Recul du trait de cote

Mise à jour le

L’érosion côtière touche 20 % du littoral français. Le paysage change et l’agglomération est concernée.
Face aux enjeux climatiques, l' Agglomération s’est engagée auprès des communes dans une démarche d’identification des risques liés au recul du trait de côte.

Le trait de côte : de quoi parle-t-on ?

Le trait de côte est la limite entre la terre et la mer.
Le littoral évolue en permanence, façonné par les vagues, les marées, les ruissellements et les vents. Le trait de côte recule plus ou moins lentement et de manière irréversible. C’est un processus naturel accentué par l’action humaine. Le recul du trait de côte s’opère sur du long terme et est prévisible. 

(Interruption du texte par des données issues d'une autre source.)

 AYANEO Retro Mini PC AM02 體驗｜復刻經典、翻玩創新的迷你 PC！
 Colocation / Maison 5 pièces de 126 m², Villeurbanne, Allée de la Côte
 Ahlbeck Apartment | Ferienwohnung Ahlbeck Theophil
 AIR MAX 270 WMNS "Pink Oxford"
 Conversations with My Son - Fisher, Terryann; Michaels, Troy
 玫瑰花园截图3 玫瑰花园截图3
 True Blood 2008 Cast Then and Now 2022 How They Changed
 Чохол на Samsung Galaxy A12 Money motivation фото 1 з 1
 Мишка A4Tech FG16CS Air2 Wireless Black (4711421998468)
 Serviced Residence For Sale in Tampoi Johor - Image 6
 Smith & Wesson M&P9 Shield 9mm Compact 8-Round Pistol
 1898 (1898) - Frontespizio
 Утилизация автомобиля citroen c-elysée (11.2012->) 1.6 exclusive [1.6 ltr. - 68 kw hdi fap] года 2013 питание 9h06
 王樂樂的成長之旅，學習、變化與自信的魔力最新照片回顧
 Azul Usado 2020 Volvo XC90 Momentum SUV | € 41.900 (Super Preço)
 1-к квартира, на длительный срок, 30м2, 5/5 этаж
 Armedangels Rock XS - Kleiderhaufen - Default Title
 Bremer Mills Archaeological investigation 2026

À cela s’ajoutent les effets du changement climatique : élévation du niveau de la mer, tempêtes plus fréquentes, inondations… Il s’agit des submersions, souvent brutales, imprévisibles et temporaires. 

Le recul du trait de côte est donc un processus naturel auxquels s’ajoutent les changements climatiques et l’action humaine. 
Il n’est pas nouveau : pour la période 1960-2010, c’est 30 km² de terres perdues soit l’équivalent d’un terrain de foot tous les 4 ou 5 jours. 

Quels sont les enjeux ?

Le recul du trait de côte doit être anticipé car il peut fragiliser des habitations, des infrastructures et réduire les possibilités de construction en bord de mer. 
Ses effets risquent d’impacter l’économie : les secteurs d’activité comme le tourisme, la pêche, le transport maritime ou encore les activités nautiques devront s’adapter. 
Enfin, le recul du trait de côte menace la biodiversité et les écosystèmes côtiers.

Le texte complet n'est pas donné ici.